What you have to do
Your output should be the lines from the one containing "Capri Cascade Flowers Necklace in Red" through the last line below, both ends included, exactly as written and free of pictures.

====== Data shown

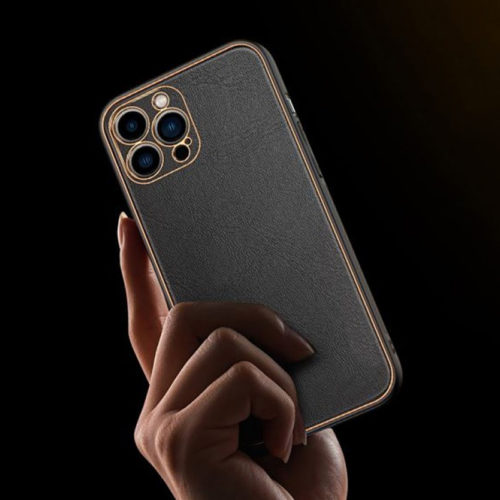 Луксозен кожен калъф за iPhone 14 черен камера гръб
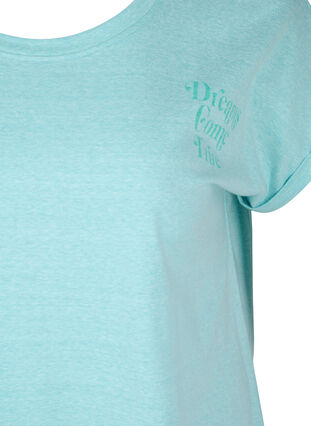 Mottled t-shirt in cotton, Aqua Splash Melange, Packshot image number 2
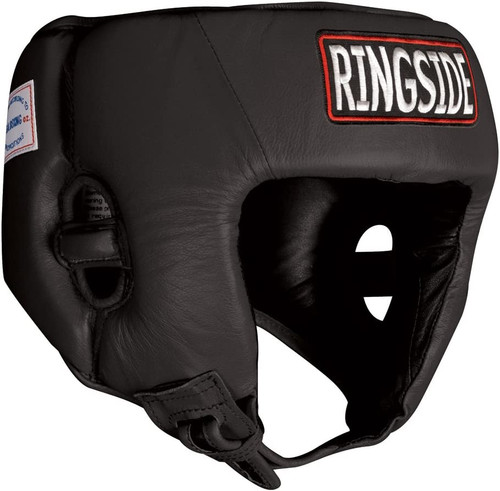 Ringside Competition Boxing Muay Thai MMA Sparring Head Protection Headgear Without Cheeks Black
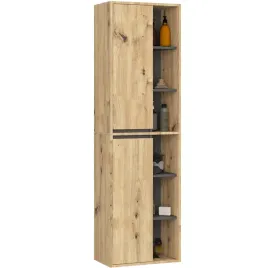 szafka-lazienkowa-wiszaca-wysoka-50-cm-2-drzwi-10-polek-dab-artisan-szary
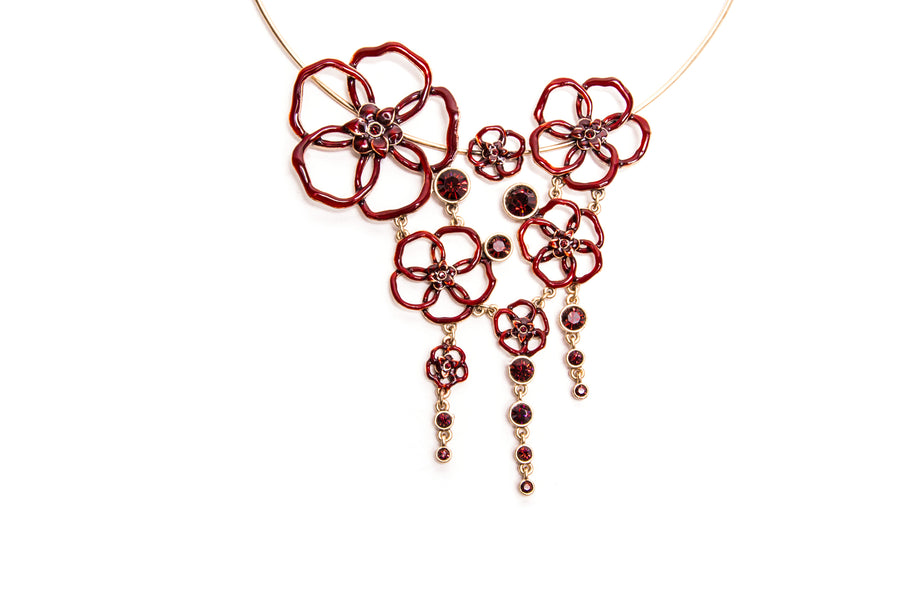 Capri Cascade Flowers Necklace in Red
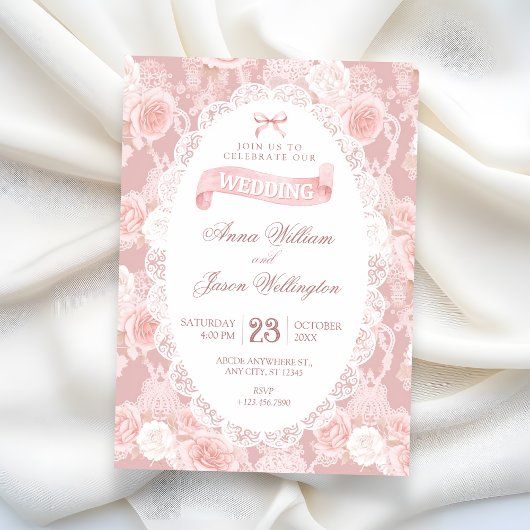 Roze pastelbloemen bruiloft kaart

============

Output for this task
 Capri Cascade Flowers Necklace in Red
 Roze pastelbloemen bruiloft kaart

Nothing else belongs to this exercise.